[Scraped caption text data]
※
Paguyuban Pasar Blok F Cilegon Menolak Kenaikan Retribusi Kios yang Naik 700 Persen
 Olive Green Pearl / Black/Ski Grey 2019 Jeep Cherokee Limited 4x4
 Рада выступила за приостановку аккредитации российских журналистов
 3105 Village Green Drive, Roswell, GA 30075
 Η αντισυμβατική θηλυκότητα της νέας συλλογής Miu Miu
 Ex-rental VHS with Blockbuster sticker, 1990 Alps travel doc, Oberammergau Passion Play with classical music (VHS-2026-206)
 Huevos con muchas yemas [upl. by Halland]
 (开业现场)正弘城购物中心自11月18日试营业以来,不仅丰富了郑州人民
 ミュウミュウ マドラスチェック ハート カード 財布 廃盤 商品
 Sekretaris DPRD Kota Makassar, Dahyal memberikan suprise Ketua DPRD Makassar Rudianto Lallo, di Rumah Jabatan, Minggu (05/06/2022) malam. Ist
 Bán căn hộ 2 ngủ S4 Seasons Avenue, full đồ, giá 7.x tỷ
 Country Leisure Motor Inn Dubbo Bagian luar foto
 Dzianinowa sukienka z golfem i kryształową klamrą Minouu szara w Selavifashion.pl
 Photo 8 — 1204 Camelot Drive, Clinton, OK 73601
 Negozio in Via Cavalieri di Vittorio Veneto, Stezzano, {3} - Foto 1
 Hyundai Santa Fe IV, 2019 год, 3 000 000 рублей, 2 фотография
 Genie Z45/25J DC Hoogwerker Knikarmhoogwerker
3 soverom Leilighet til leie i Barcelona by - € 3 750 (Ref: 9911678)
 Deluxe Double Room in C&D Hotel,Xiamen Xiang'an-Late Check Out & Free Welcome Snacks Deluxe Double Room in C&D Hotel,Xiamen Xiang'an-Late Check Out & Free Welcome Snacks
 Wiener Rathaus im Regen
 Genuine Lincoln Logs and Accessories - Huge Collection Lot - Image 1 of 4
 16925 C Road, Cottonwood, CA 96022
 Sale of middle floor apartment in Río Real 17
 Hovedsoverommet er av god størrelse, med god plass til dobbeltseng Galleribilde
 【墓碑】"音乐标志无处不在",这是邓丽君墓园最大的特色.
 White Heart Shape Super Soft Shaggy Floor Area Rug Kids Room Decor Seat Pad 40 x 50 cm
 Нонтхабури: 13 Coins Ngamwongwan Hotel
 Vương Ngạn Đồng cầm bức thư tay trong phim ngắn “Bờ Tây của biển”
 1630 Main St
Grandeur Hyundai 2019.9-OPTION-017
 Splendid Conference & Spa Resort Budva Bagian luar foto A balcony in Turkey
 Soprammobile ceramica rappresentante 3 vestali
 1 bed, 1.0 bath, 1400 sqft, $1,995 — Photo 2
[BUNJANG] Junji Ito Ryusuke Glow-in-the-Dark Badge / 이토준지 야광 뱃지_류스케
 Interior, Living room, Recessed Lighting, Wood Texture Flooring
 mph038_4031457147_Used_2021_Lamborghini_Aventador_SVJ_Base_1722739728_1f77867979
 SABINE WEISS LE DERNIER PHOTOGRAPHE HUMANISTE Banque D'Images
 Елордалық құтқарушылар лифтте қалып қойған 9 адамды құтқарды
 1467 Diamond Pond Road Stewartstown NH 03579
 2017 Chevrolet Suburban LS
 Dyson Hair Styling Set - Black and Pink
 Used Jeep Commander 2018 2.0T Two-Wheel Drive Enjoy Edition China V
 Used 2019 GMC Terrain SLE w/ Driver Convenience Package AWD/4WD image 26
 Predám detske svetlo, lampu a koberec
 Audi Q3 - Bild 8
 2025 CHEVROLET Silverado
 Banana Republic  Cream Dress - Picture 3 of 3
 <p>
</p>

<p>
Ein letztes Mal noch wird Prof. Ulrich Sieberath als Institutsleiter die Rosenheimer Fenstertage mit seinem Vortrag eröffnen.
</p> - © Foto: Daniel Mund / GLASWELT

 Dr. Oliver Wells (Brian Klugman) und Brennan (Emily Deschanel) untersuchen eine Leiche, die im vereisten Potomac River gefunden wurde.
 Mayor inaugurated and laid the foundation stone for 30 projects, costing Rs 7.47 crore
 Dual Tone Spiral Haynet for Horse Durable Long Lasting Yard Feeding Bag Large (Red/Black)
※
◆ **WHAT TO WORK ON**:
None of the records may be skipped; each is to be repeated exactly.

◆ **ANSWER SECTION**:
Paguyuban Pasar Blok F Cilegon Menolak Kenaikan Retribusi Kios yang Naik 700 Persen
 Olive Green Pearl / Black/Ski Grey 2019 Jeep Cherokee Limited 4x4
 Рада выступила за приостановку аккредитации российских журналистов
 3105 Village Green Drive, Roswell, GA 30075
 Η αντισυμβατική θηλυκότητα της νέας συλλογής Miu Miu
 Ex-rental VHS with Blockbuster sticker, 1990 Alps travel doc, Oberammergau Passion Play with classical music (VHS-2026-206)
 Huevos con muchas yemas [upl. by Halland]
 (开业现场)正弘城购物中心自11月18日试营业以来,不仅丰富了郑州人民
 ミュウミュウ マドラスチェック ハート カード 財布 廃盤 商品
 Sekretaris DPRD Kota Makassar, Dahyal memberikan suprise Ketua DPRD Makassar Rudianto Lallo, di Rumah Jabatan, Minggu (05/06/2022) malam. Ist
 Bán căn hộ 2 ngủ S4 Seasons Avenue, full đồ, giá 7.x tỷ
 Country Leisure Motor Inn Dubbo Bagian luar foto
 Dzianinowa sukienka z golfem i kryształową klamrą Minouu szara w Selavifashion.pl
 Photo 8 — 1204 Camelot Drive, Clinton, OK 73601
 Negozio in Via Cavalieri di Vittorio Veneto, Stezzano, {3} - Foto 1
 Hyundai Santa Fe IV, 2019 год, 3 000 000 рублей, 2 фотография
 Genie Z45/25J DC Hoogwerker Knikarmhoogwerker
3 soverom Leilighet til leie i Barcelona by - € 3 750 (Ref: 9911678)
 Deluxe Double Room in C&D Hotel,Xiamen Xiang'an-Late Check Out & Free Welcome Snacks Deluxe Double Room in C&D Hotel,Xiamen Xiang'an-Late Check Out & Free Welcome Snacks
 Wiener Rathaus im Regen
 Genuine Lincoln Logs and Accessories - Huge Collection Lot - Image 1 of 4
 16925 C Road, Cottonwood, CA 96022
 Sale of middle floor apartment in Río Real 17
 Hovedsoverommet er av god størrelse, med god plass til dobbeltseng Galleribilde
 【墓碑】"音乐标志无处不在",这是邓丽君墓园最大的特色.
 White Heart Shape Super Soft Shaggy Floor Area Rug Kids Room Decor Seat Pad 40 x 50 cm
 Нонтхабури: 13 Coins Ngamwongwan Hotel
 Vương Ngạn Đồng cầm bức thư tay trong phim ngắn “Bờ Tây của biển”
 1630 Main St
Grandeur Hyundai 2019.9-OPTION-017
 Splendid Conference & Spa Resort Budva Bagian luar foto A balcony in Turkey
 Soprammobile ceramica rappresentante 3 vestali
 1 bed, 1.0 bath, 1400 sqft, $1,995 — Photo 2
[BUNJANG] Junji Ito Ryusuke Glow-in-the-Dark Badge / 이토준지 야광 뱃지_류스케
 Interior, Living room, Recessed Lighting, Wood Texture Flooring
 mph038_4031457147_Used_2021_Lamborghini_Aventador_SVJ_Base_1722739728_1f77867979
 SABINE WEISS LE DERNIER PHOTOGRAPHE HUMANISTE Banque D'Images
 Елордалық құтқарушылар лифтте қалып қойған 9 адамды құтқарды
 1467 Diamond Pond Road Stewartstown NH 03579
 2017 Chevrolet Suburban LS
 Dyson Hair Styling Set - Black and Pink
 Used Jeep Commander 2018 2.0T Two-Wheel Drive Enjoy Edition China V
 Used 2019 GMC Terrain SLE w/ Driver Convenience Package AWD/4WD image 26
 Predám detske svetlo, lampu a koberec
 Audi Q3 - Bild 8
 2025 CHEVROLET Silverado
 Banana Republic  Cream Dress - Picture 3 of 3
 <p>
</p>

<p>
Ein letztes Mal noch wird Prof. Ulrich Sieberath als Institutsleiter die Rosenheimer Fenstertage mit seinem Vortrag eröffnen.
</p> - © Foto: Daniel Mund / GLASWELT

 Dr. Oliver Wells (Brian Klugman) und Brennan (Emily Deschanel) untersuchen eine Leiche, die im vereisten Potomac River gefunden wurde.
 Mayor inaugurated and laid the foundation stone for 30 projects, costing Rs 7.47 crore
 Dual Tone Spiral Haynet for Horse Durable Long Lasting Yard Feeding Bag Large (Red/Black)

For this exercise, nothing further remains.